Studies consistently prove its value. In one set of experiments from the mid-1990s, researchers found that school children became less and less attentive the longer recess was delayed. Another experimental study found that “fourth-graders were more on-task and less fidgety in the classroom on days when they had had recess, with hyperactive children among those who benefited the most.” An article in the New York Times in February, 2009, cited a study of 11,000 third graders showing that recess mitigates children’s behavioral problems. (Consider the common punishment for misbehaving children: “No recess!”) And a meta-analysis of over 200 studies suggest that physical activity during the school day results in more, and better, mental activity.

For all their lip-service to the necessity of drawing on research-based teaching strategies, education authorities in the U.S. and Australia (and probably many other countries) don’t seem to care much about research on play.
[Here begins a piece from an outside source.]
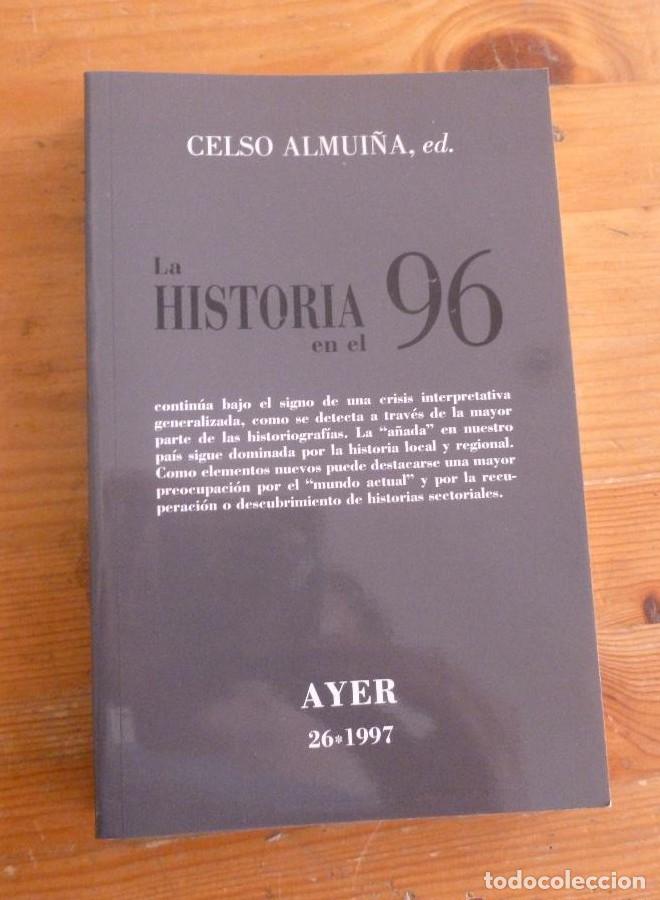 B&uuml;cher: AYER 26. LA HISTORIA DEL 96. CELSO ALMUI&Ntilde;A ed. ED. MARCIAL PONS 1997 321 PAG -
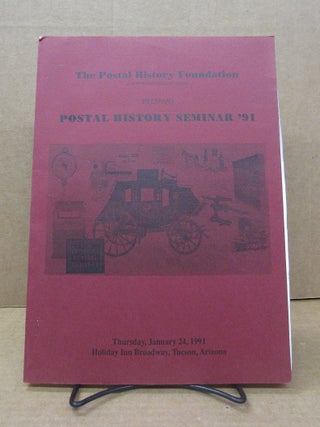 Item #87780 The Postal History Foundation Postal History Seminar Book '91. Douglas A. Kelsey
It is interesting that, by contrast, China launched a nationwide “Sunlight Sport” campaign in 2007, requesting that every school offer one hour of sports and games daily to every student.

I read about Chinese children’s play and the Sunshine Sport campaign in a fascinating Australian journal called Play and Folklore, co-edited by Dr. June Factor of the University of Melbourne, an author and folklorist who writes playful and play-filled books for both children and adults. I met June at a reading conference in California about 15 years ago, and I had the good fortune of visiting her in Australia during my recent trip.

The most wonderful thing about many of June’s books for children is that they are actually by children: she is merely the compiler, and what she has compiled is straight from the mouths of kids, whom she and her university students have observed, recorded and interviewed in school playgrounds. The researchers collected children’s games, rhymes, sayings, chants, riddles, jokes and secret languages in abundance. In 2000, she published an entertaining and enlightening lexicon, Kidspeak: A Dictionary of Australian Children’s Words, Games and Sayings. The two children depicted on the cover have harsh words for each other: “Nicky woop” says one in a speech bubble, to which the other retorts, “Drongo!” (Translation: “Go away!” and “Jerk!”)

 

June’s collections for young readers have been loved since 1983 when Far Out, Brussels Sprout came out. It has since been joined by Real Keen, Baked Bean…Unreal, Banana Peel…Okey Dokey, Karaoke, and others in the Far Out! series. All offer a rich sampling of the linguistic range and complexity of Australian children’s vernacular language. “It’s children’s own literature,” says June, “handed down across many generations, sometimes across centuries. It’s a bridge across generations, common to childhood, not just contemporary childhood.” From Far Out, Brussels Sprout:

 

Quickly, quickly, I feel sickly.

Hasten, hasten, get the basin.

Ker plop!

Get the mop!

 

—————

 

Mary had a little lamb

She kept it in a closet.

And every time she let it out

It left a small deposit.

 

They’re not always the most proper ditties in the world. As a result, a decade ago June learned that she was the second-most censored author in Australian school libraries, after Judy Blume. She told me this with more than a hint of irony, considering that the censors were trying to save innocent children from their own words. “It tells you much about the power of adult prudery and unease about the human body and its functions — but, I hasten to add, not nearly as much as in the United States!”

Often, these censorship cases have been dismissed when the schools discovered how many families already owned the challenged books. But what disturbs June more than censors in the libraries is timekeepers on the playgrounds. “Increasingly, playtime is being restricted,” says Australia’s leading observer of playtime. “It’s happening in America and it’s happening here.” In the U.S., where we once feared a “red menace” from Asia, there now seems to be fear that Asian countries including China will overtake us not militarily but intellectually and economically. If it comes to pass, browbeating analysts should consider how our schools rejected the demonstrable benefits of playtime. American education authorities could have the demise of recess to blame for our fall from intellectual eminence. Some might call them drongos!